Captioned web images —
______

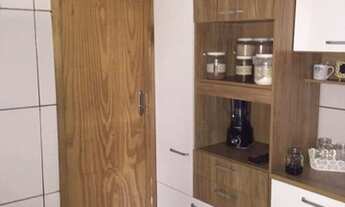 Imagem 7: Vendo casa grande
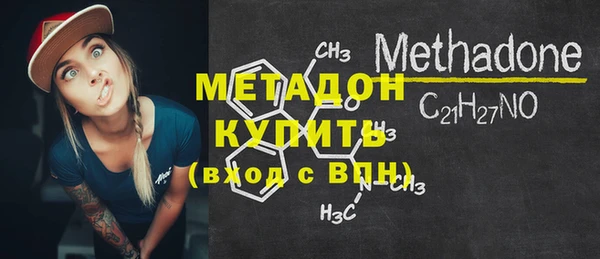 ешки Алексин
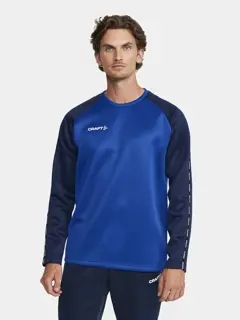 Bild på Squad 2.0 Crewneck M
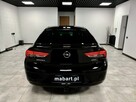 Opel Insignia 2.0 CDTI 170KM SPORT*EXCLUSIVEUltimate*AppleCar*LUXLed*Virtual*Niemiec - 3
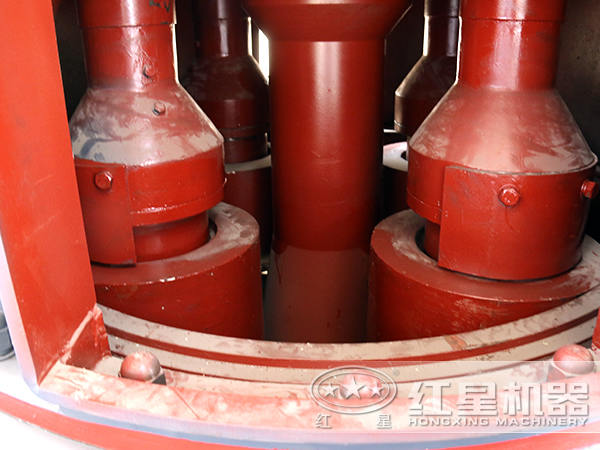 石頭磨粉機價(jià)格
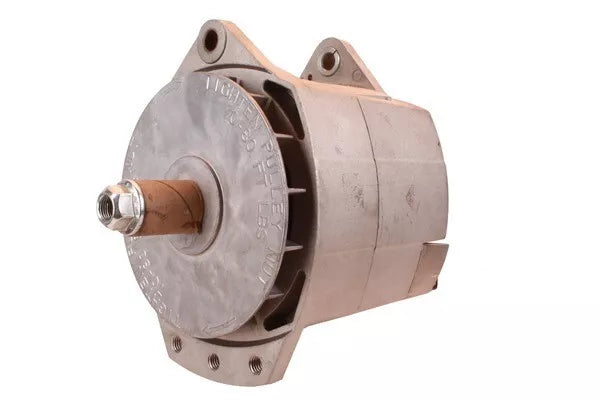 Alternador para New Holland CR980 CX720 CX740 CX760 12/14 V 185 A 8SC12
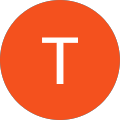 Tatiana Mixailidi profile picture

______

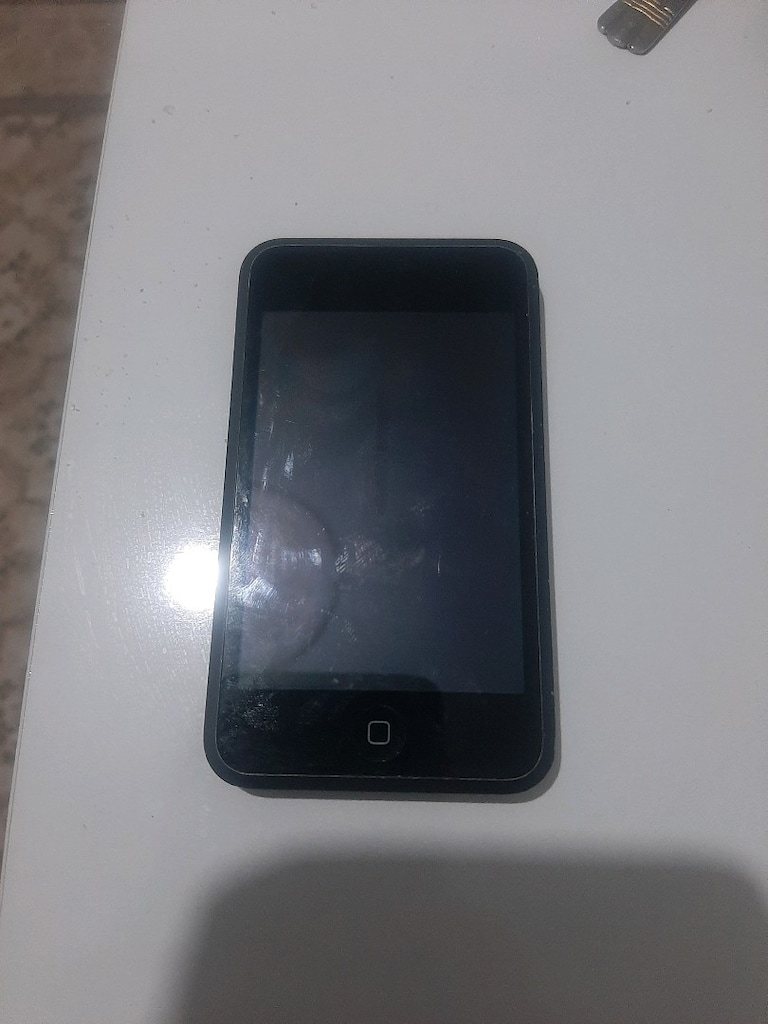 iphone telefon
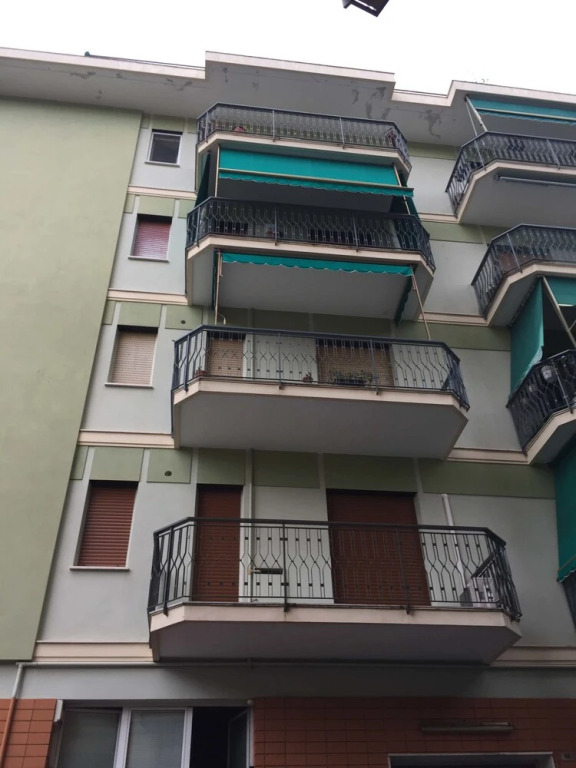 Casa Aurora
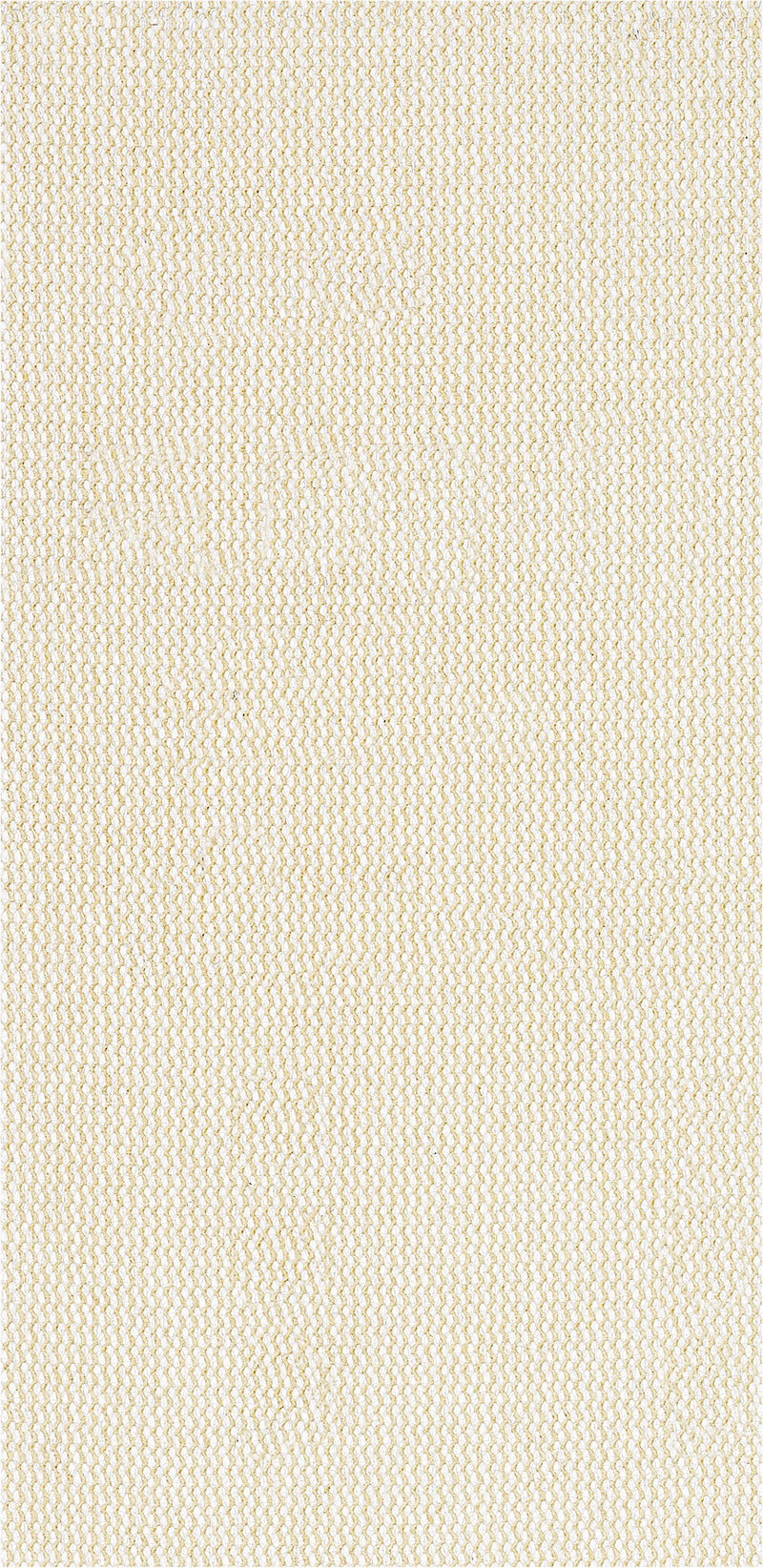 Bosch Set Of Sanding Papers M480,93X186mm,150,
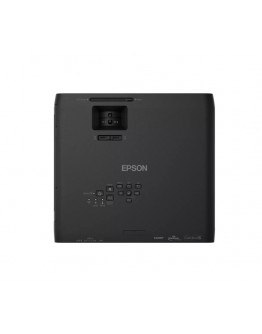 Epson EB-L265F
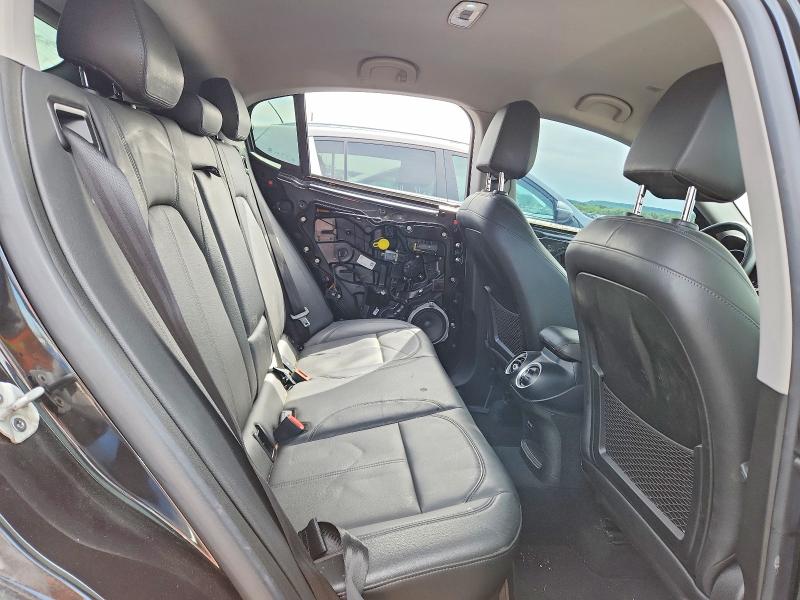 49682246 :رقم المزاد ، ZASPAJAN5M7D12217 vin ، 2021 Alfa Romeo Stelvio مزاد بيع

______

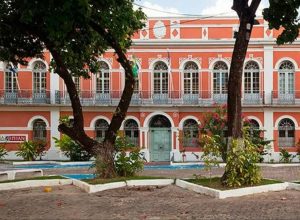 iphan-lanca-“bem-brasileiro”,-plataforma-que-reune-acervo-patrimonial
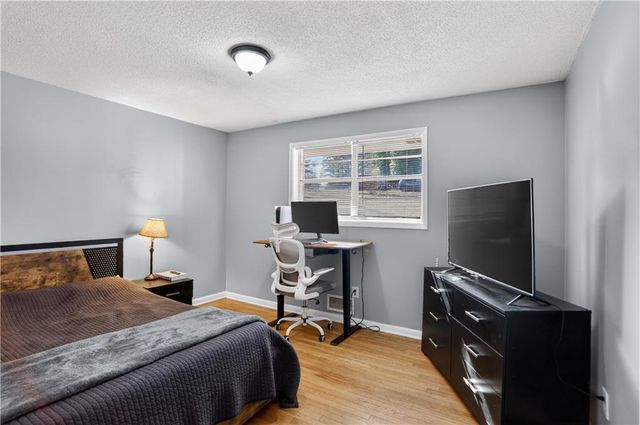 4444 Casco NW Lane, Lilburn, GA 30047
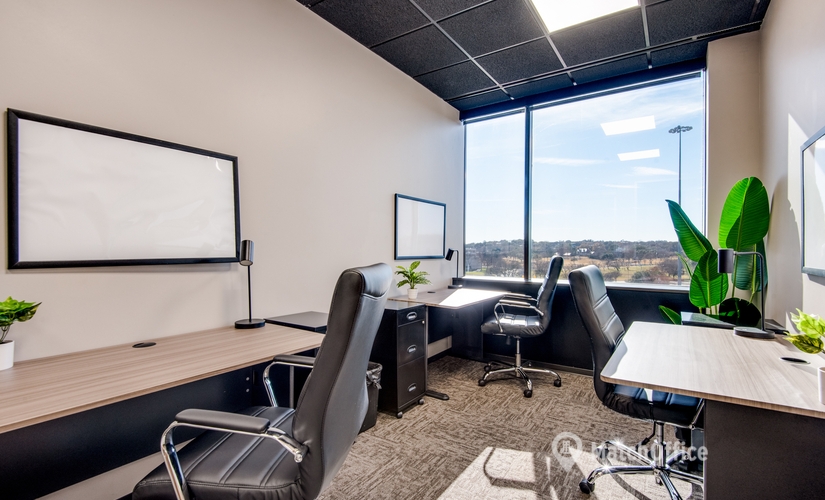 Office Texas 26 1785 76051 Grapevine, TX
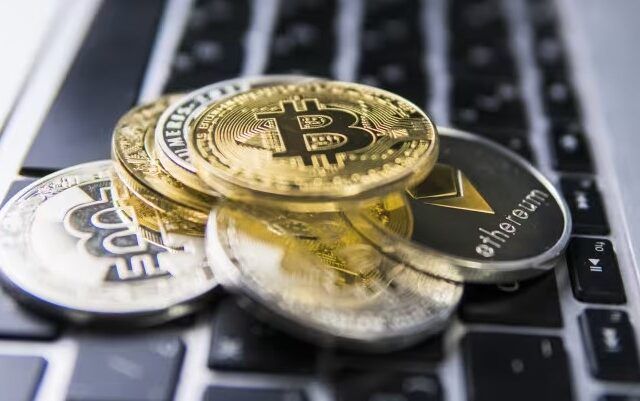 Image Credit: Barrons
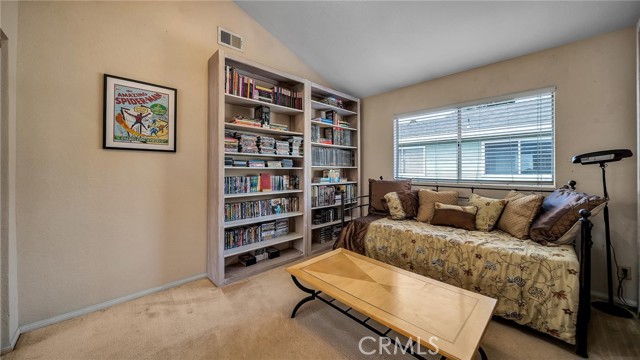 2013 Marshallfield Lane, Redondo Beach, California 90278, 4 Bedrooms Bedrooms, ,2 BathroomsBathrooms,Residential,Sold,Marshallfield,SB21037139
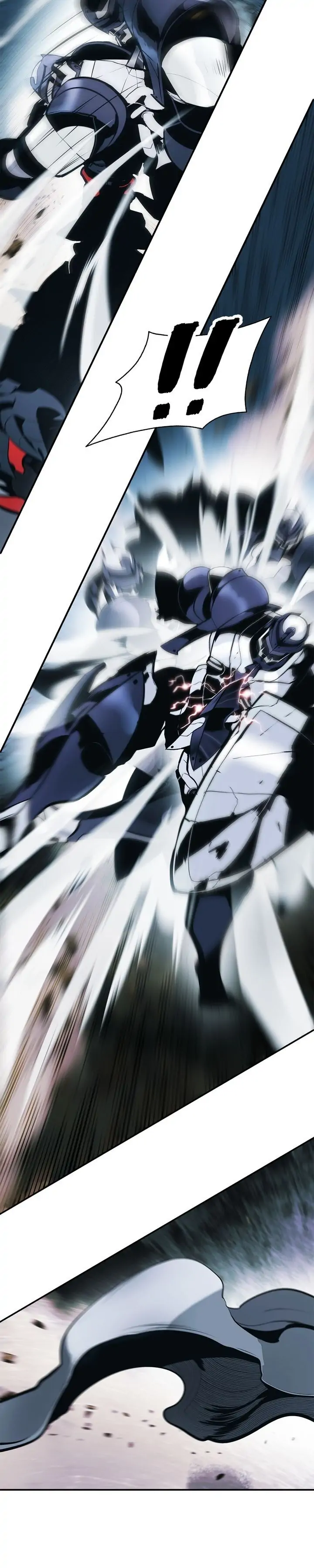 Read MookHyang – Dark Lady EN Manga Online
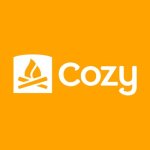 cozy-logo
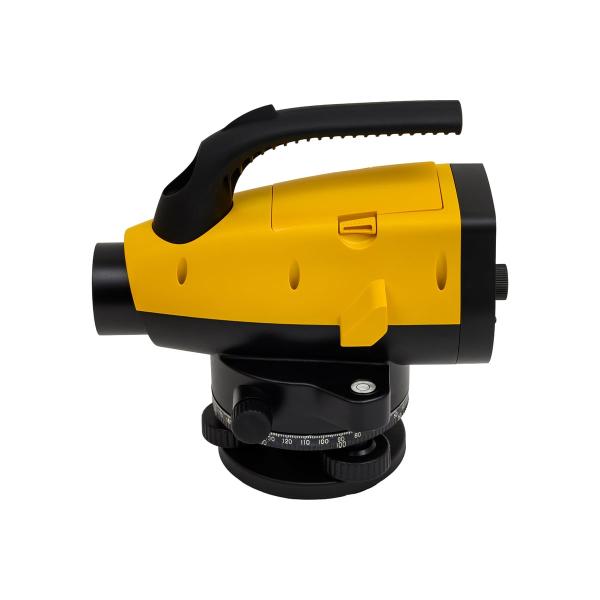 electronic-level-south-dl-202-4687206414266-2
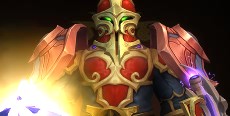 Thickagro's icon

______

HOW TO COMPLETE THIS TASK — Could you write out exactly the lines of the data above that run from the one holding "electronic-level-south-dl-202-4687206414266-2" to the one holding "Thickagro's icon", with both ends in and all pictures out?

TASK RESULT —
 electronic-level-south-dl-202-4687206414266-2
 Thickagro's icon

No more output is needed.